Seyfarth Synopsis: Our thoughts on the impact of the election on the ADA Title III landscape.
We now know that January 20, 2017 will bring a definitive regime change. How will this change impact Title III of the ADA, the current litigation environment, and pending Department of Justice (DOJ) regulations and enforcement activities? Here are our thoughts.
The ADA was created through bipartisan effort, signed into law by President George Bush in 1990. Since that time, the law has only been amended once – in 2008 – to expand the definition of what constitutes a covered “disability.” In our experience, politicians are reluctant to take any action that would be viewed as being harmful to people with disabilities. Thus, earlier efforts to amend the law to curb lawsuit abuse were unsuccessful. More recently, in response to the surge in the number of ADA Title III lawsuits, business groups have again pushed for reform legislation to address so called “drive-by” lawsuits. These lawsuits are brought by serial plaintiffs who have filed hundreds of cases and are not likely to be real customers seeking to access the goods and services of a targeted business. Bills introduced in the House and Senate to address this situation may gain more traction with a Republican President and Republican-controlled Congress. That said, the Trump administration will have many higher priority items to push through Congress, so we doubt that the law will change any time soon. Because changes to the law are unlikely, we do not foresee a decrease in the number of ADA Title III lawsuits filed in the coming years.
The impact of a Trump administration will most likely be felt at the DOJ, which is responsible for issuing ADA Title III regulations and enforcing the law. The Trump administration will appoint a new Assistant Attorney General for Civil Rights, as well as the deputies and counselors who will oversee the Civil Rights Division. The Disability Rights Section (DRS) – which has responsibility for the ADA – is within this Division.
The new Assistant Attorney General for Civil Rights and his or her political appointees will set the regulatory and enforcement agenda for DRS. On the regulatory front, DOJ is currently working on proposed rules for websites, equipment and furniture, and movie captioning and audio description. The new leadership will need to review and provide policy direction on those proposed rules, which could result in further delays. The review will likely affect the content of those rules as well. One significant question that the DOJ has posed for public comment concerning the proposed website rule is whether there should be less demanding standards for small businesses.
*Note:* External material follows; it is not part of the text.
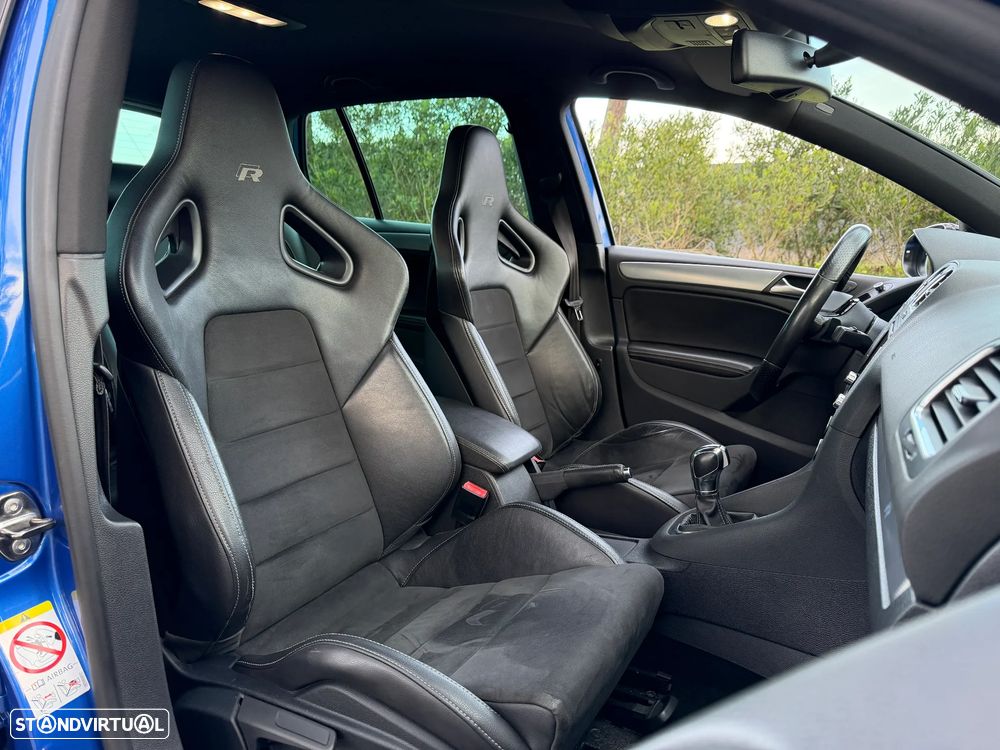 VW Golf 2.0 TSi R20 DSG - 4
Although DOJ has, in the past, refused to create less stringent rules for small businesses, a Trump administration may be more sympathetic to the plight of small business owners in these upcoming regulations.
It is also possible that a Trump administration would simply abandon all rulemakings currently under development, given the President-elect’s stated aversion to regulations generally. Such an action would actually be harmful to businesses which need certainty about their obligations, especially when it comes to their websites. The absence of regulations has created a vacuum that plaintiffs’ attorneys are filling with a tsunami of demand letters and lawsuits that are catching businesses by surprise. The issuance of clear and sensible rules would put an end to this chaos, and the Trump administration should instead work quickly to issue them.
With respect to enforcement, a Trump administration may be less inclined than the current one to pursue actions that would expand the existing boundaries of the law. For example, one DOJ enforcement stance that we have found troubling is its aggressive effort to pressure businesses to immediately make their websites and mobile apps accessible in conformance with a privately developed set of accessibility guidelines, even though DOJ has not issued even proposed regulations that would adopt a technical standard for what constitutes an accessible website and set a date for compliance with that standard. It is possible that a Trump administration would discontinue these enforcement actions until a final rule is issued, although we would be surprised if this actually took place.
For now, all we know is that there likely be some change, and we will be here to report it to you when it happens.